SON OF FURY: The Story Of Benjamin Blake delivers entertaining, old-school, studio-fashioned adventure calories, with four Golden Era stars shown off to please fans in 1942. Tyrone Power, George Sanders, Gene Tierney and Frances Farmer headlining ought to be enough reason to secure popcorn and put aside 98 minutes. *
England, the time of King George III. Young lad ‘Benjamin Blake’, though the rightful heir to his late fathers estate, is forced to work as stable boy for his cruel uncle, who’s usurped his brother. Grown to manhood, Ben woos his uncle’s daughter, endures beatings, escapes to sea, jumps ship to live on a tropical isle, falls for a native beauty, harvests wealth in pearls, returns to England, seeks what is rightfully his.
13-year-old Roddy McDowall becomes 27-year-old Tyrone Power (file under ‘You Wish’), who gets to make out with both ravishing Polynesian vision Gene Tierney, 20, and alluring aristocrat cousin Frances Farmer, 28. Somewhat senior Sanders, 35 and in full-sneer-mode, provides nasty nemesis duty. Backing them up is a choice supporting cast that includes neat turns from John Carradine (a good guy for once–he’d plugged Tyrone’s Jesse James in the back three years earlier) and the charming Elsa Lanchester as a kind-hearted waterfront doxie.
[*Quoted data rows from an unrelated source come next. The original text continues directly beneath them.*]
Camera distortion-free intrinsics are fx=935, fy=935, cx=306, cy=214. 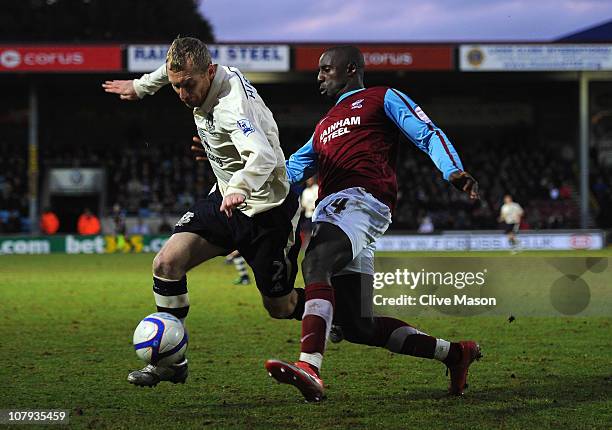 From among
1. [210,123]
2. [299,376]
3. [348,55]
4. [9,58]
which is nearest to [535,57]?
[9,58]

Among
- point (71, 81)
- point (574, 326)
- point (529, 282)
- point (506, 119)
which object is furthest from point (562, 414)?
point (506, 119)

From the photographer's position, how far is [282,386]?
655 centimetres

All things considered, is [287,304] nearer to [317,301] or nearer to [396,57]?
[317,301]

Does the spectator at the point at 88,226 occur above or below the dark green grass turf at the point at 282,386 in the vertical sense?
below

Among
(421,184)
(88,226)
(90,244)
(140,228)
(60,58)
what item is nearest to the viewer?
(90,244)

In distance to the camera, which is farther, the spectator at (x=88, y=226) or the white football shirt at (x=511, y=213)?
the spectator at (x=88, y=226)

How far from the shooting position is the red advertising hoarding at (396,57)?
34.5 meters

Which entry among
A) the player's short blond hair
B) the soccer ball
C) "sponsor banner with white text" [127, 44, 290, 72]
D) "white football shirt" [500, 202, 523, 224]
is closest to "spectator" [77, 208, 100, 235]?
"sponsor banner with white text" [127, 44, 290, 72]

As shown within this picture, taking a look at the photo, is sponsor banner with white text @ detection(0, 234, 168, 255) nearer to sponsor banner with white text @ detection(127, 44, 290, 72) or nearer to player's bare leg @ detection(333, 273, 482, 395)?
sponsor banner with white text @ detection(127, 44, 290, 72)

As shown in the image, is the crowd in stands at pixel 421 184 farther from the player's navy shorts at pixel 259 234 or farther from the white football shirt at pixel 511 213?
the player's navy shorts at pixel 259 234

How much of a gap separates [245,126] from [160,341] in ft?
4.64

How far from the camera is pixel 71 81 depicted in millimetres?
38188

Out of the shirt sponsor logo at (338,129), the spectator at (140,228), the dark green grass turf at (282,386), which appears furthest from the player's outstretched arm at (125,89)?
the spectator at (140,228)

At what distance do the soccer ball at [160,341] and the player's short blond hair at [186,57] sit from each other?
1552mm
Good work from all concerned.
Well-produced by Darryl F. Zanuck, directed by John Cromwell, who orchestrated a couple of pretty nasty fight scenes as well as some slick kissing business. Philip Dunne wrote the witty screenplay, taken from a 443-page bestseller published a year earlier by Edison Marshall, who wrote 28 adventure novels from 1920 to 1964. Marshall once told a magazine, appropriately named Grit, that “I went after the two big prizes, fame and fortune, and I got them both.”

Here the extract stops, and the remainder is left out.